> [What this task involves] From the line with "Law & Order - Season 25" to the line with "Arizona Cardinals defensive", output every line below exactly, both ends included. Skip the pictures.

> [Records provided]
========

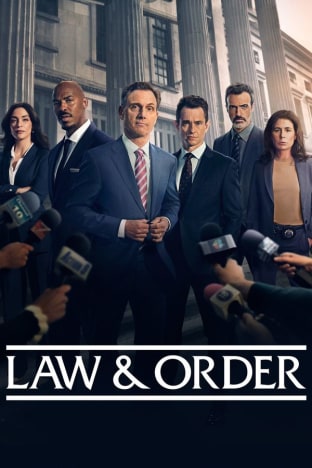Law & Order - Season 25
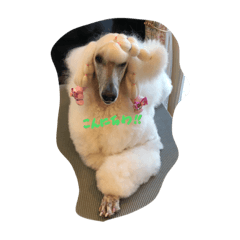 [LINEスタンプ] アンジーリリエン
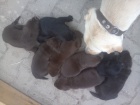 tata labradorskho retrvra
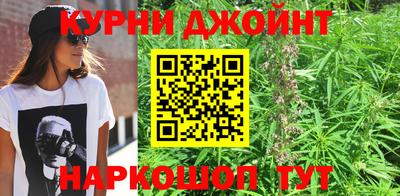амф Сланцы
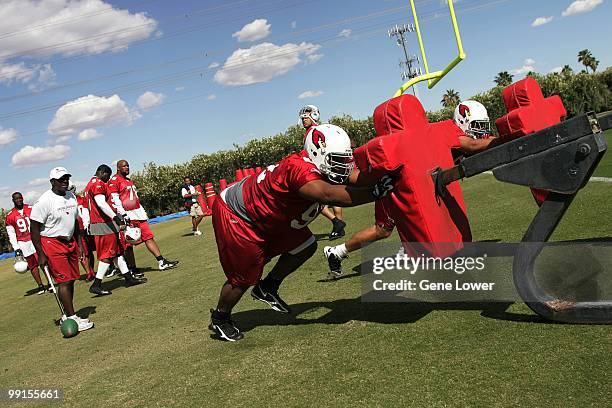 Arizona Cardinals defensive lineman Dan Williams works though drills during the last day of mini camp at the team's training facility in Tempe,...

========

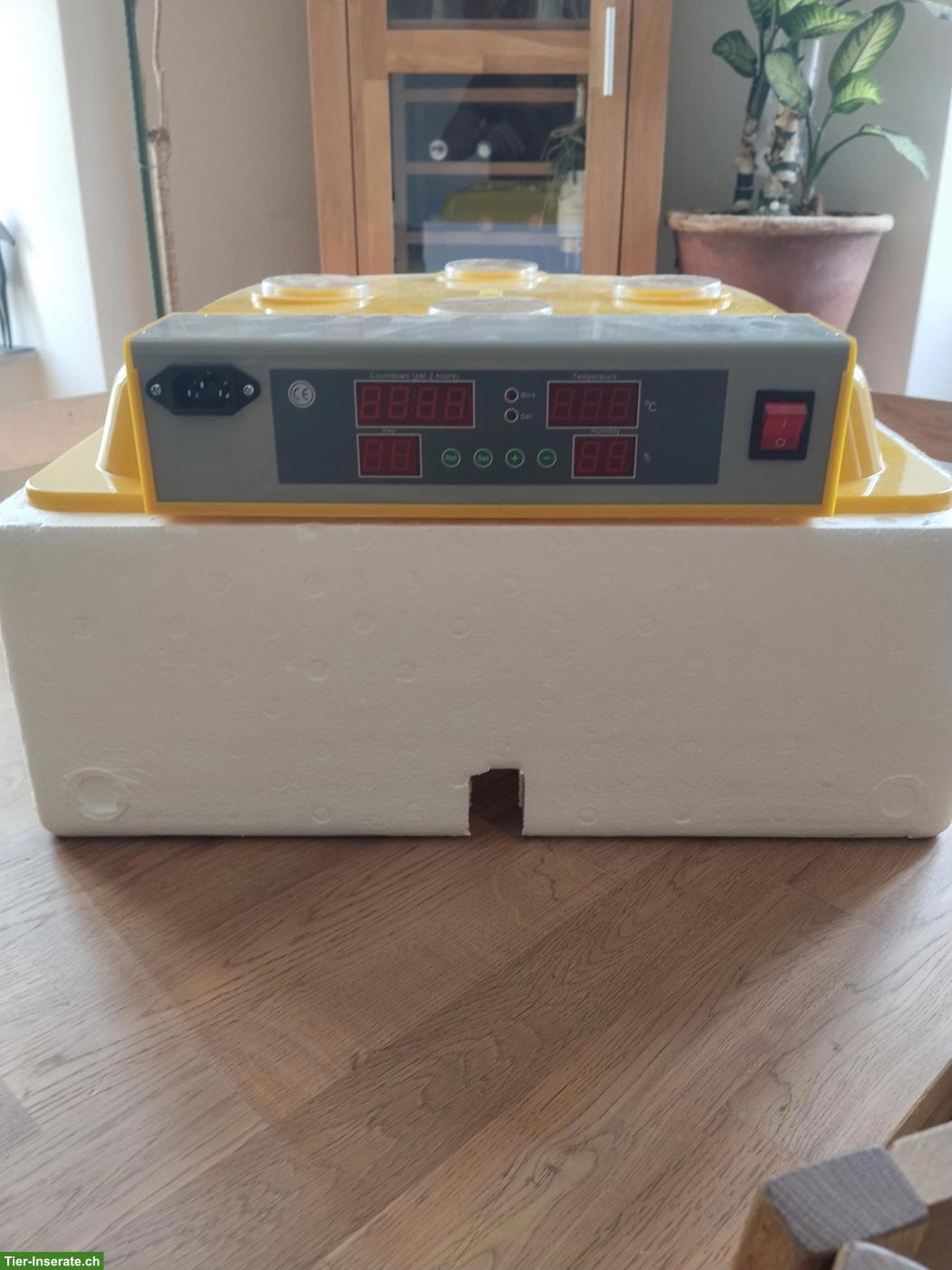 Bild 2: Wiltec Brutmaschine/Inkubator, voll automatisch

========

> [Reply to the task]
Law & Order - Season 25
 [LINEスタンプ] アンジーリリエン
 tata labradorskho retrvra
амф Сланцы
 Arizona Cardinals defensive lineman Dan Williams works though drills during the last day of mini camp at the team's training facility in Tempe,...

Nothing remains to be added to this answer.